▶ _EXERCISE INSTRUCTIONS_
For this exercise, copy exactly every line from the one holding "披露宴会場　小　外ガーデン" through the end of the data, both included. Omit pictures.

===== DATA RECORDS =====

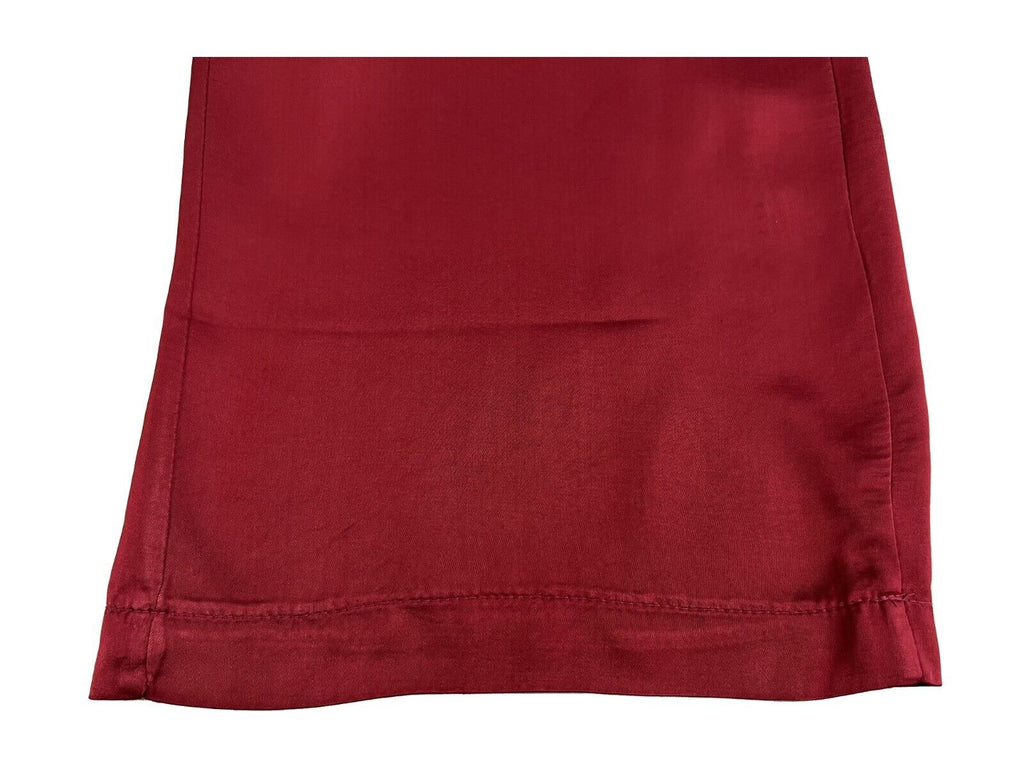 HUMILITY 1949 pantalone palazzo viscosa pesante HE-PA-SEVEN 100% viscosa MADE IN ITALY
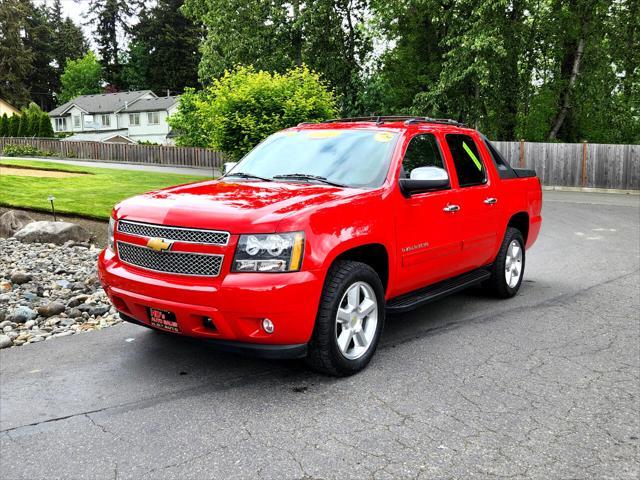used 2012 Chevrolet Avalanche car, priced at $19,999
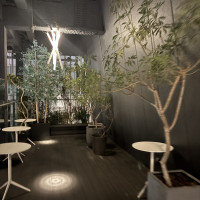 披露宴会場　小　外ガーデン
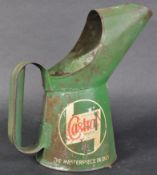 WAKEFIELD CASTROL MOTOR OIL - MID CENTURY PINT MEASURE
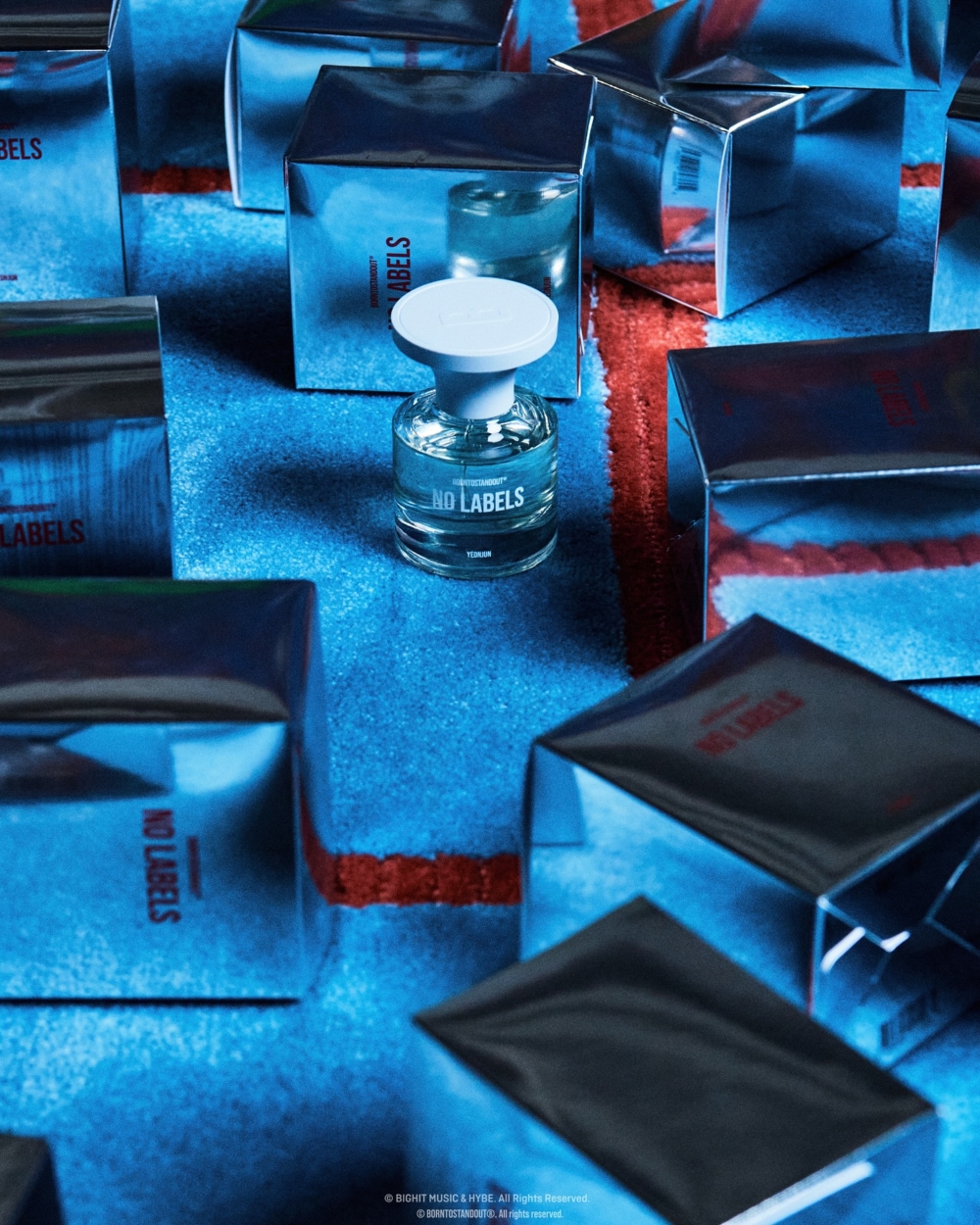 K-beauty之後輪到K-perfume：Borntostandout獲L'Oréal青睞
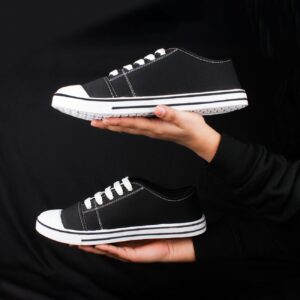 Adidas Women Sneakers - Black / Pink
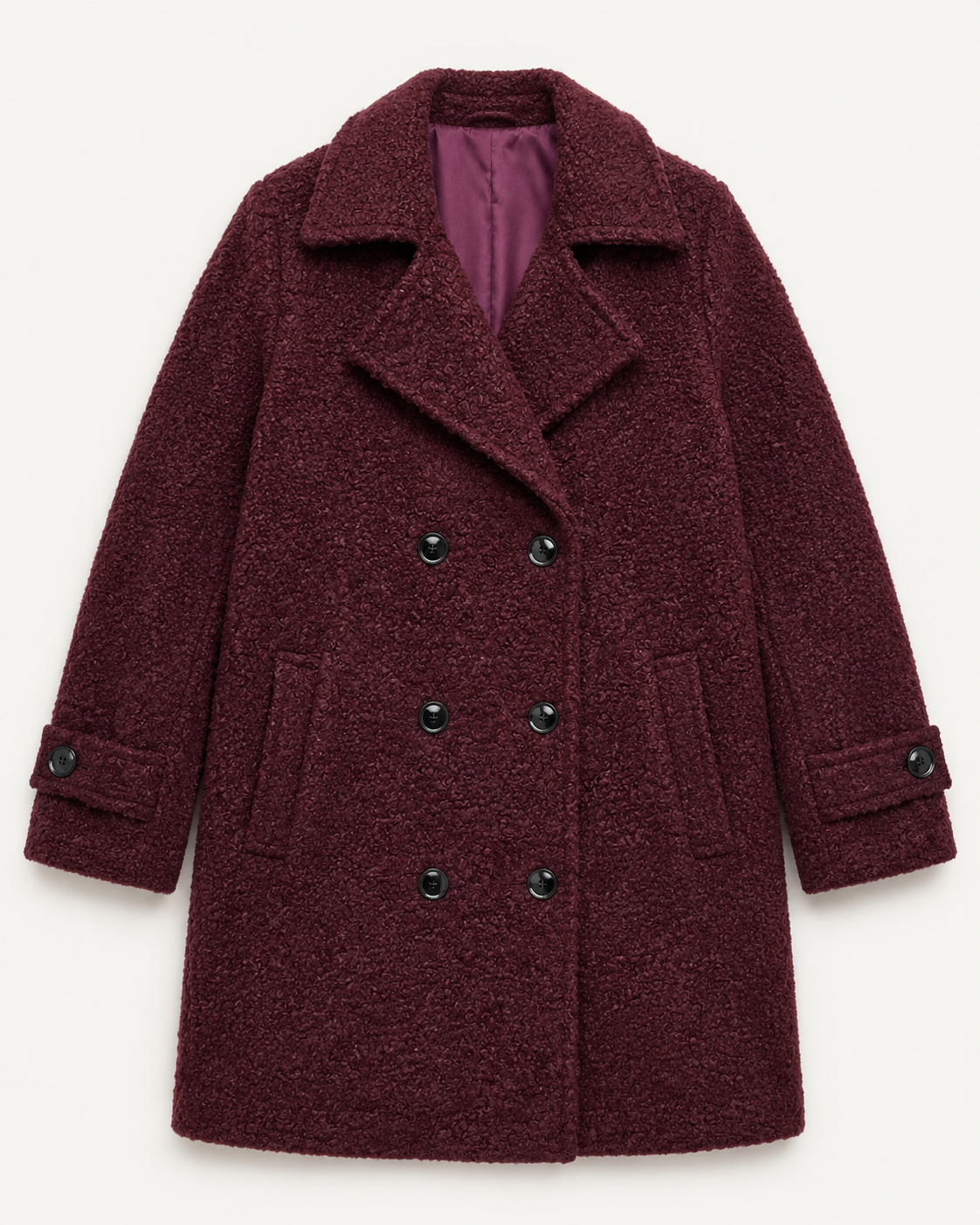 Veste Douillette Daisy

=====

▶ _RESULT OF THE EXERCISE_
 披露宴会場　小　外ガーデン
 WAKEFIELD CASTROL MOTOR OIL - MID CENTURY PINT MEASURE
 K-beauty之後輪到K-perfume：Borntostandout獲L'Oréal青睞
 Adidas Women Sneakers - Black / Pink
 Veste Douillette Daisy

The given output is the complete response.